7th Clerk of the House of Commons
- In office 1949–1967
- Preceded by: Arthur Beauchesne
- Succeeded by: Alistair Fraser

Member of Parliament
- In office June 1949 – August 1949
- Preceded by: new constituency
- Succeeded by: Joseph-Célestin Nadon
- Constituency: Gatineau
- In office June 1945 – June 1949
- Preceded by: Rodolphe Leduc
- Succeeded by: constituency dissolved
- Constituency: Wright

Mayor of Maniwaki
- In office 1941–1942

Personal details
- Born: 30 July 1901 Napierville, Quebec, Canada
- Died: 24 August 1993 (aged 92)
- Party: Liberal
- Alma mater: Université de Montréal
- Profession: Civil law notary

= Léon Raymond =

Canadian politician

Léon-Joseph Raymond OBE, (30 July 1901 – 24 August 1993) was a Canadian politician, serving as mayor of Maniwaki, Quebec in 1941 and 1942 and as a Liberal party member of the House of Commons of Canada from 1945 to 1949.

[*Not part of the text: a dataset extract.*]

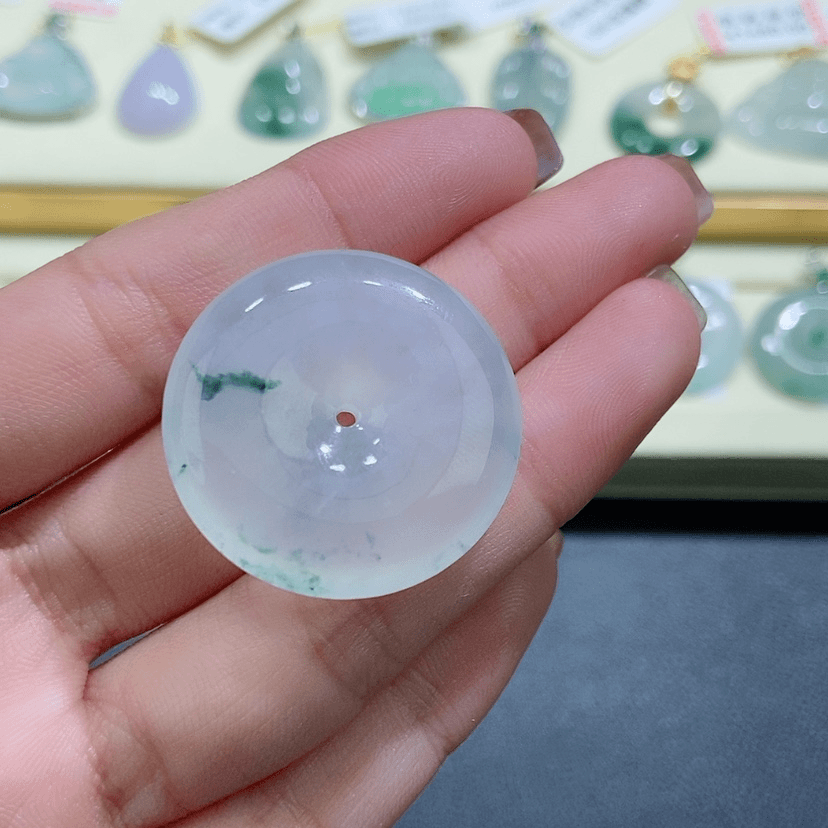 【闪购商品】翡翠颈饰未镶嵌颜*?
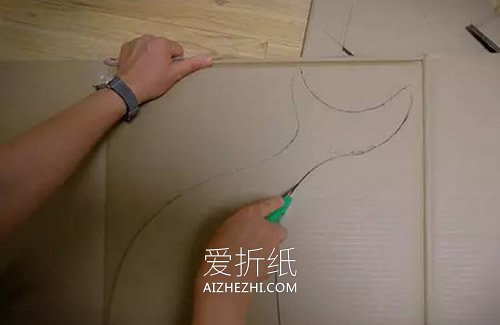 怎么用硬纸板做海豚木马玩具的方法图解- www.aizhezhi.com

Raymond was born at Napierville, Quebec and was educated at Saint-Remi College, the Joliette Seminary and at the University of Montreal where he received his Bachelor of Arts degree. He became a notary and from 1941 to 1945 served as vice-president of the Chambers of Commerce Unionm and from 1938 to 1945 as President of the school commission of Maniwaki.

He married Clementine Péclet on 1 July 1930.

He was first elected to Parliament at the Wright riding in the 1945 general election. With riding boundary changes, Raymond entered the 1949 federal election at the new Gatineau riding and won the seat. He was appointed Clerk of the House of Commons on 5 August 1949 and resigned his seat in Parliament.